• **Given material**:
BEGIN

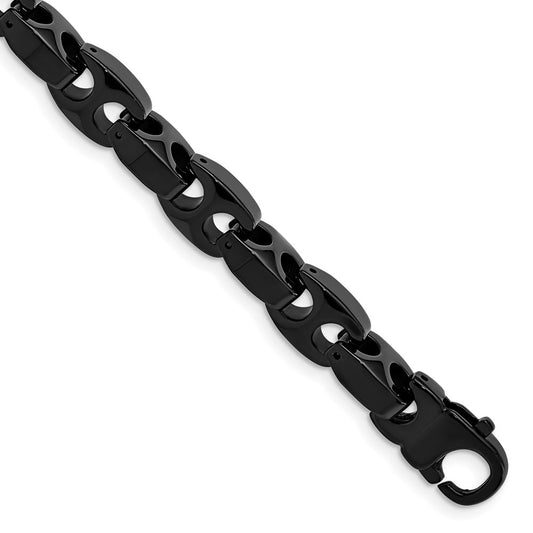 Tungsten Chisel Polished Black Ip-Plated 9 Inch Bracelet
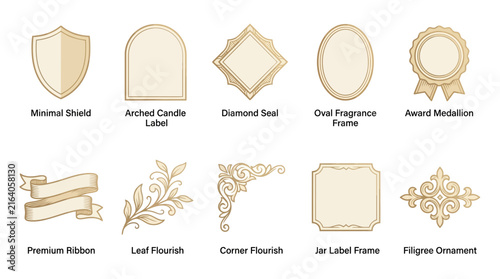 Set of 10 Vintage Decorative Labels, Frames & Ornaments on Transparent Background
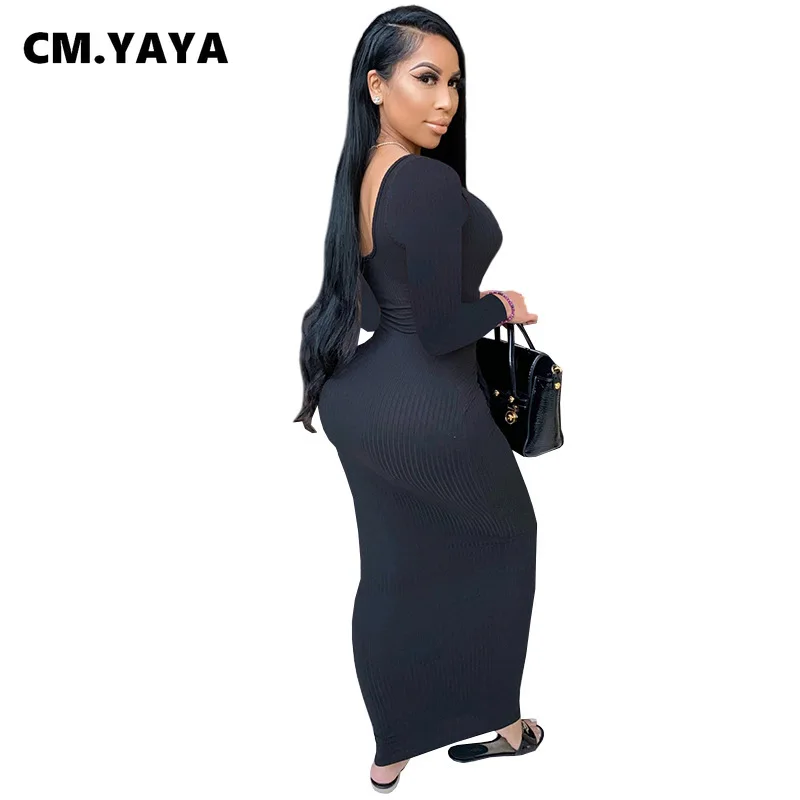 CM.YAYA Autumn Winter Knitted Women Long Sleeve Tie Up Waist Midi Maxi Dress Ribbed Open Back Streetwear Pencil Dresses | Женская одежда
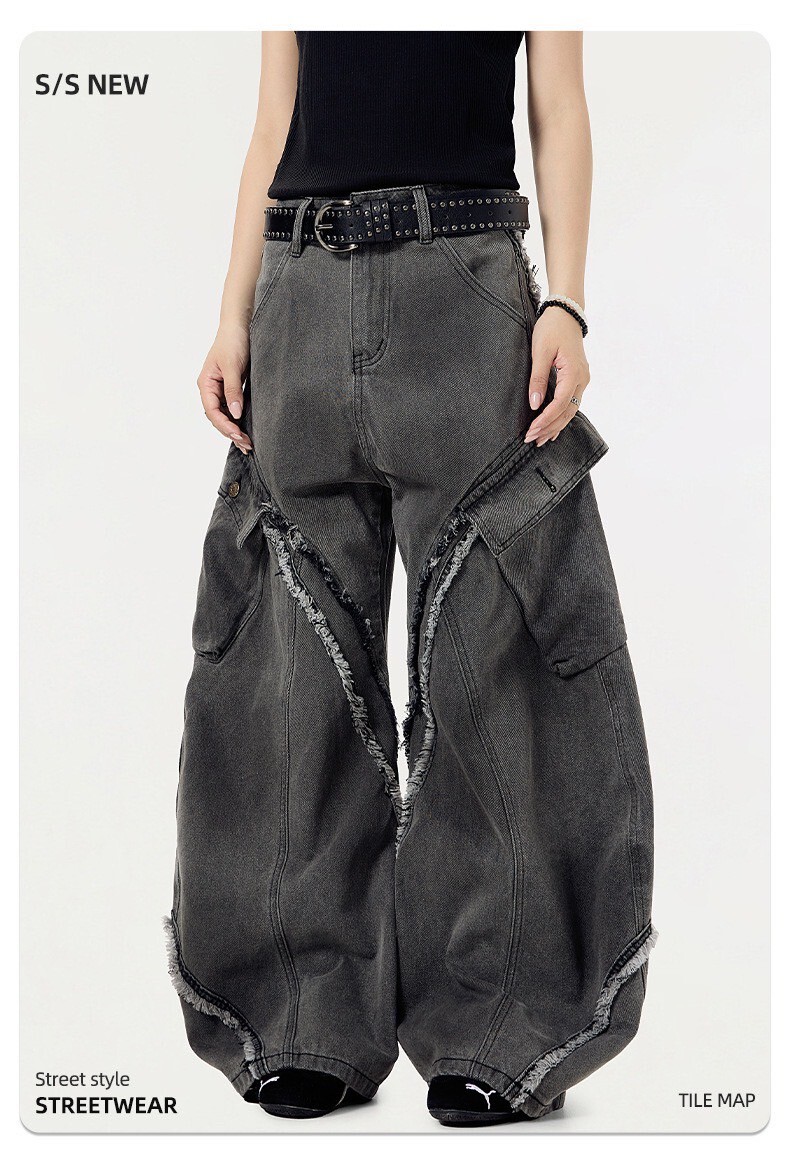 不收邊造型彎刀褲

END

• **Task to complete**:
All of the material should be written out again exactly, apart from the pictures.

• **Response area**:
 Tungsten Chisel Polished Black Ip-Plated 9 Inch Bracelet
 Set of 10 Vintage Decorative Labels, Frames & Ornaments on Transparent Background
 CM.YAYA Autumn Winter Knitted Women Long Sleeve Tie Up Waist Midi Maxi Dress Ribbed Open Back Streetwear Pencil Dresses | Женская одежда
 不收邊造型彎刀褲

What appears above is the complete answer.